Lou also argued that Ognibene was ineffective in failing to object when Katz instructed the jury that it could hold the defendant liable for the murder even if it found that he was only 1 percent responsible and someone else was 99 percent responsible. But Knopf said Ognibene had apparently decided as a matter of strategy to let the remark stand and not highlight the assertion that his client was “acting in concert” with Topino.

“Whether or not counsel’s decision not to object to this charge was foolish in hindsight does not in and of itself make an otherwise meaningful representation ineffective,” Knopf said. “Although the trial court chose unconventional language in charging the jury as to ‘acting in concert,’ this court finds that this language, and counsel’s failure to object to it, did not prejudice the defendant or deprive him of a fair trial.”

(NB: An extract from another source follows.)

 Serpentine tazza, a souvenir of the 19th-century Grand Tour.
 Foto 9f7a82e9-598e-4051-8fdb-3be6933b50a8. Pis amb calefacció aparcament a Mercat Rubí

Executive Assistant District Attorney Charles Testagrossa, Deputy Assistant District Attorney John Castellano and Assistant District Attorney Jennifer Hagan appeared for the prosecution. District Attorney Richard Brown called the decision “thorough and well reasoned.”

Rudin said he will review the decision with his client.

“I am disappointed with it and I disagreed with it, but I am not the judge,” Rudin said. “I will discuss with my client whether to seek further review by the Appellate Division.”

Ognibene could not be reached for comment.